Objectif: «s’identifier comme un opposant modéré» pouvant réunir autour de lui toute l’opposition dans le but de «soutenir sa candidature qui ne fait plus aucun doute».
Opposant modéré
Mais le chef de file de l’opposition ne doit pas se faire d’illusions, ajoute l’expert français. Et pour cause, dans la pratique, la scène politique tchadienne ne connaît pas qu'une seule opposition. Celle-ci est divisée, en effet, selon l'attitude à observer quant à la transition en cours et notamment à la succession du général Mahamat Idriss Déby à son père dans des conditions controversées, en avril dernier.
En tête de ceux qui cautionnent la transition, Emmanuel Dupuy cite l’opposant traditionnel à Idriss Déby, Saleh Kebzabo, le président de l'UNDR, et membre du comité qui prépare le dialogue national.
Au rang des opposants plus radicaux, qui rejettent le processus de transition, figure l'ancien économiste et fonctionnaire international Succès Masra et son parti Les Transformateurs. «Une opposition plus exigeante et plus déterminée à faire corps avec la société civile et la diaspora, qui n’entendent pas s’inscrire dans l’agenda de la transition», détaille Dupuy.
«Je ne pense pas que le statut d’un opposant institutionnalisé [bénéficiant du statut officiel de chef de file, ndlr] puisse calmer les ardeurs d’une opposition non institutionnelle et des activistes. Je crains également qu’on ne soit dans une logique de clivage générationnel et de mauvaise appréciation de la situation au Tchad», soutient-il, rappelant que la scène politique tchadienne compte quelque «203 partis politiques inconciliables».

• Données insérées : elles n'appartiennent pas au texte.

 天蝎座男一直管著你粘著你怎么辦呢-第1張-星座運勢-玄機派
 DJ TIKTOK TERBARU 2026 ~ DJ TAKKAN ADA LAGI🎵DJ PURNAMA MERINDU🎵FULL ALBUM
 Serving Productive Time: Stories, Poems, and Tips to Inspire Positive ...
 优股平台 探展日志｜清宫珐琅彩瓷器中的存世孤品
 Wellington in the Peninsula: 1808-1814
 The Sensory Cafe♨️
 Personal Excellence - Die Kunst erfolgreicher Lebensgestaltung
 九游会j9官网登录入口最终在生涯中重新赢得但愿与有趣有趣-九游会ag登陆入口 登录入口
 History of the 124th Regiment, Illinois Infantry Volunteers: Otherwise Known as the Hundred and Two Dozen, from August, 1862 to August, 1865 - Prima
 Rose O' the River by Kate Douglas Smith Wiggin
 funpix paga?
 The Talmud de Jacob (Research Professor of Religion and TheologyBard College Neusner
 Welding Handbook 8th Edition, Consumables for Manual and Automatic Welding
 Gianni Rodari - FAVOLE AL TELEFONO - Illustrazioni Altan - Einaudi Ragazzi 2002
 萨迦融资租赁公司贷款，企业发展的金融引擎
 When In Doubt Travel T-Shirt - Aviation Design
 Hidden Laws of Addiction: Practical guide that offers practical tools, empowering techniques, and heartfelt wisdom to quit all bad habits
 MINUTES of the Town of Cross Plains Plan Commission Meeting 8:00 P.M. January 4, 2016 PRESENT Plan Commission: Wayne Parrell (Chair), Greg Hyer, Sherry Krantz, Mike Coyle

Une confusion de 203 partis
«Il ne me semble pas que les militants et activistes tchadiens se reconnaîtront en lui. Il ne me semble pas non plus que des mouvements plus jeunes, plus dynamiques autour de Succès Masra, et qui accessoirement sont plus écoutés par l’extérieur, les États-Unis notamment, souhaiteront agir sous l’autorité de Félix Nialbé», conclut-il.
À noter que quelques jours après le départ de Nialbé du cadre préparatif du dialogue national, le gouvernement tchadien n’a pas caché son souhait qu'il y revienne.
«Il n’a jamais quitté le bateau. Il a simplement quitté le comité d’organisation. Mais il reviendra si ce n’est lui, quelqu’un le représentera. Ce n’est pas quelqu’un qui veut tout casser», a indiqué Abderaman Koulamallah, le ministre de la Communication et porte-parole du gouvernement de la transition le dimanche 22 août sur télé Tchad, la télévision nationale.
Le dialogue national devrait se tenir entre novembre et décembre prochains, selon le calendrier dévoilé, en juin dernier, par le Conseil militaire de transition au Tchad qui a pris le pouvoir à la suite de la mort du Président Idriss Déby Itno, le 20 avril dernier. Des élections générales devront se tenir entre juin et septembre 2022.